The Obama administration bypassed public bidding laws to seal a $1 billion deal with the largest prison company in the US, all to handle a surge of immigrants from Central America, a new report reveals. Critics say the measure has been ineffective.
Corrections Corporation of America (CCA) inked a lucrative four-year contract to build a detention facility at the South Texas Family Residential Center, which would accommodate women and children seeking asylum in the US.
However, according to the Washington Post, it was a “unique” deal between the government and a private prison company, because, in the words of US Immigration and Customs Enforcement (ICE), “a fixed monthly fee for use of the entire facility regardless of the number of residents.”
Unlike hundreds of other detention contracts, which normally depend on occupancy, CCA received a fixed 100 percent monthly pay of $20 million, despite its 2,400-bed facility in Dilley, Texas, being “half full.”
Such sparseness only had a positive influence on CCA’s revenue. Flat for five years straight, according to the Post, in 2015, CCA’s income added 14 percent just from its Dilley detention center, one of the company’s 74 running facilities.
At the same time, under the same circumstances, the government lost out. According to a Post calculation, when 2,400 people are detained at this CCA’s facility, the government spends $285 per day, per person, but when the center stays half-full, this amount doubles. To compare, daily expenditures at 200 non-family immigration detention sites stand between $60 and $85 per detainee, according to ICE.
“If you need an air conditioner today, you’re going to pay what the AC guy tells you,” Phil Miller, an ICE deputy executive associate director, told the Post, justifying his agency’s decision. “If it’s December and you want a new AC unit in place by June, you have more time to research.”
However, such a sweet arrangement for CCA is not the only “unique” thing about this government deal.
Facing an increased flow of Central American immigrants, the Obama administration grabbed a pitch by CCA. With decades of experience, CCA was seen by ICE as a trusted company with “means” to build a new facility quickly.
There was a just public bidding process, a requirement that would delay the deal and, thus, postpone the construction, something that the Obama administration struggling to tackle the immigrant crisis could not afford. Then, CCA came to rescue with its workaround.

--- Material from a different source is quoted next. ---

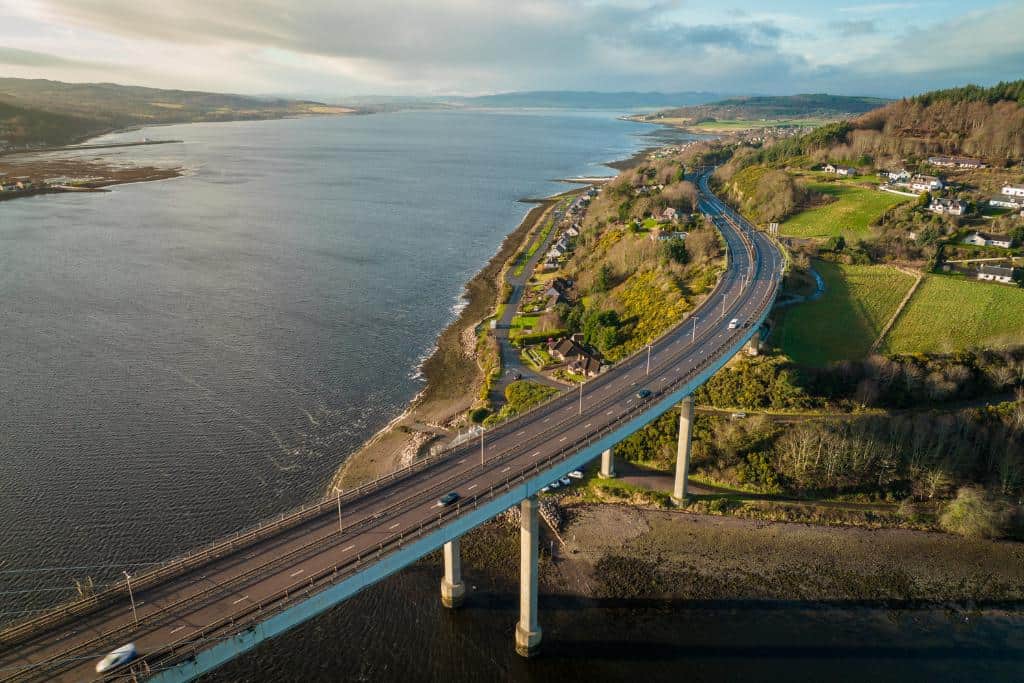 Easy Ways To Get From Edinburgh To Inverness (Train, Car + More!)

In September 2014, a CCA executive came to Arizona’s town of Eloy, where CCA has been operating a detention center for undocumented men since 2006, and pitched a new opportunity to its officials. The company offered Eloy to modify its contract with the town, making it look like an agreement expansion with a new order to build another facility, some 1,000 miles away. In turn, the town would receive a small percentage.
In that case, the federal government would be freed from the bidding process.
Harvey Krauss, the Eloy city manager, told the Post that at the time, he told everybody: “We’re not taking a position; we’re just a fiscal agent. The federal government was in a hurry and this was an expedited way for them to get it done.”
The plan was worked out in two separate contracts – between ICE and Eloy and between Eloy and CCA, both of which were signed on the same day and referred to the family detention center in Dilley.
The dual agreement essentially offered each side its benefits: ICE provides the money to Eloy and got to work with CCA, while Eloy received a small “administrative fee” for being party to the deal.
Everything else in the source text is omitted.